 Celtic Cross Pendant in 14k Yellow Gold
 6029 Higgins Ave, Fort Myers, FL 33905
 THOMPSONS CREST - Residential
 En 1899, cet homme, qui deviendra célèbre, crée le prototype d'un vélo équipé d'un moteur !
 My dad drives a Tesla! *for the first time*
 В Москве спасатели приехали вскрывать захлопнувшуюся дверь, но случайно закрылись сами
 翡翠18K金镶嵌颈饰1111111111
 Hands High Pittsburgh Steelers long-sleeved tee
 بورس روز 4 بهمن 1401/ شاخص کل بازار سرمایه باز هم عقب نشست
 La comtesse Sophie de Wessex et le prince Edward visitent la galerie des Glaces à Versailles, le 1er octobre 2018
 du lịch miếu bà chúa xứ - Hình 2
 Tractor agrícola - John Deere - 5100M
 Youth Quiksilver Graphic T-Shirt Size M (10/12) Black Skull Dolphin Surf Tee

What is being asked =>
The listing above holds a line with "THOMPSONS CREST - Residential" and a line with "بورس روز 4 بهمن". Print the stretch from the first through the second, exactly and alone.

Answer to the exercise =>
 THOMPSONS CREST - Residential
 En 1899, cet homme, qui deviendra célèbre, crée le prototype d'un vélo équipé d'un moteur !
 My dad drives a Tesla! *for the first time*
 В Москве спасатели приехали вскрывать захлопнувшуюся дверь, но случайно закрылись сами
 翡翠18K金镶嵌颈饰1111111111
 Hands High Pittsburgh Steelers long-sleeved tee
 بورس روز 4 بهمن 1401/ شاخص کل بازار سرمایه باز هم عقب نشست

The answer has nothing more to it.